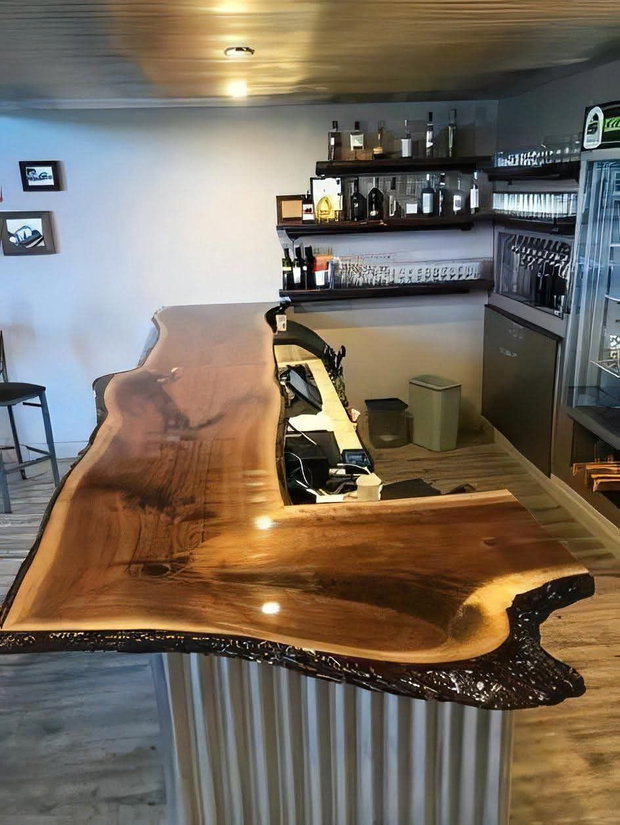 Blat de bar din lemn masiv live edge design natural rustic ATP Wood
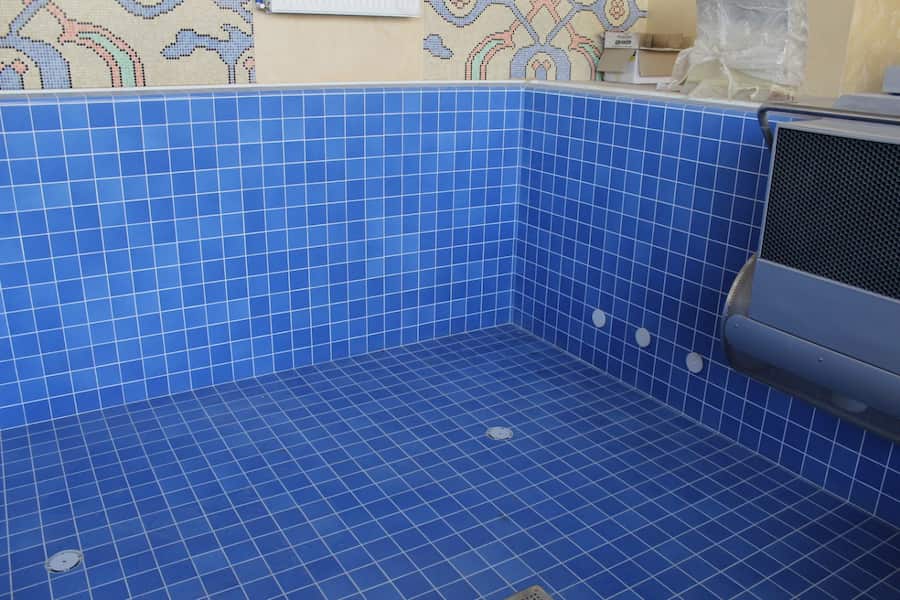 کاشی استخر طرح دار؛ آبی شش ضلعی مربعی دایره ایی tile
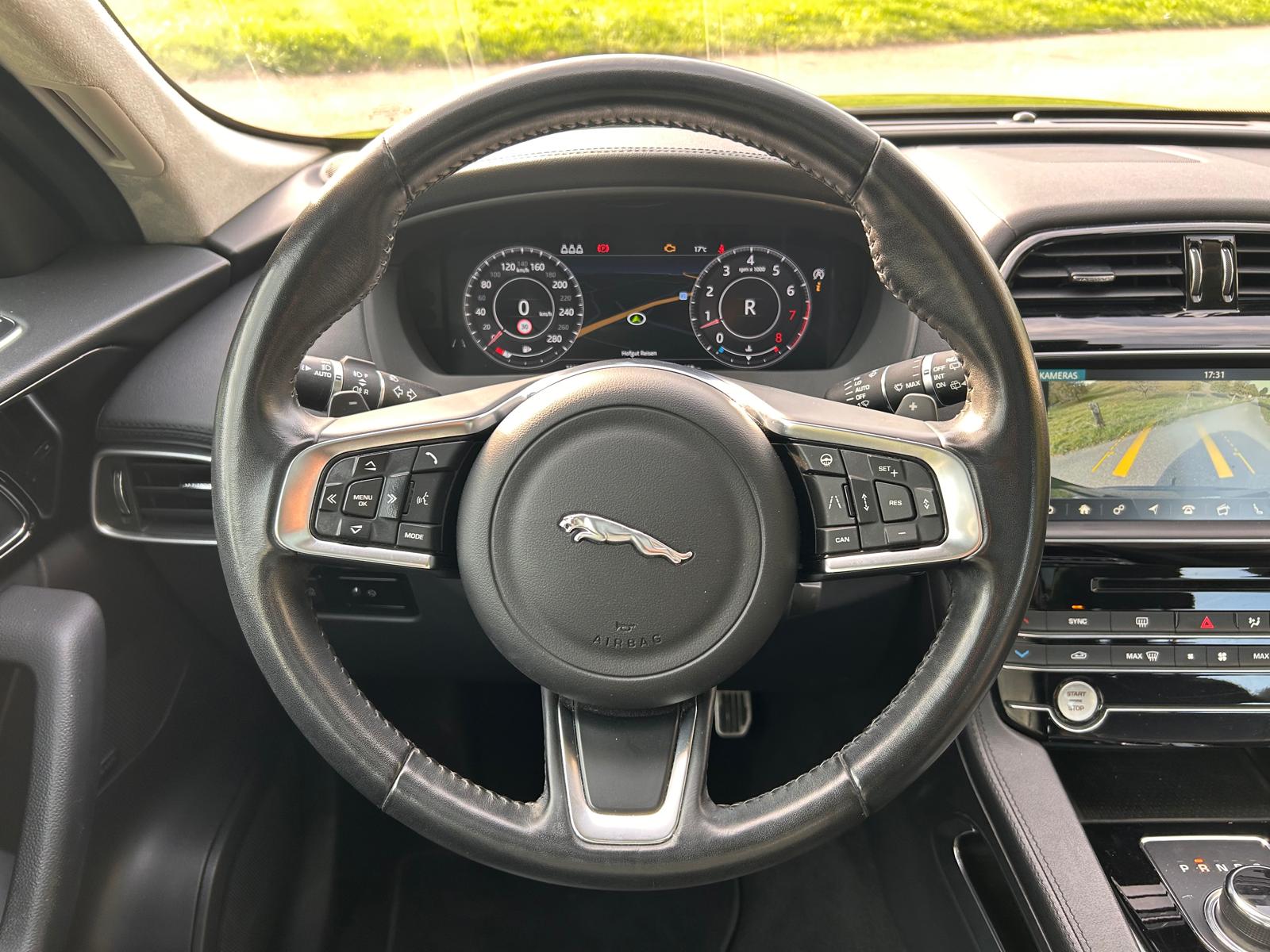 JAGUAR F-Pace 25t 2.0 R-Sport AWD Automatik-image-18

----------------------------------------

* ACTIVITY *
Retype the whole listing. Keep every word exact but include no pictures.

* YOUR SOLUTION *
 Blat de bar din lemn masiv live edge design natural rustic ATP Wood
 کاشی استخر طرح دار؛ آبی شش ضلعی مربعی دایره ایی tile
 JAGUAR F-Pace 25t 2.0 R-Sport AWD Automatik-image-18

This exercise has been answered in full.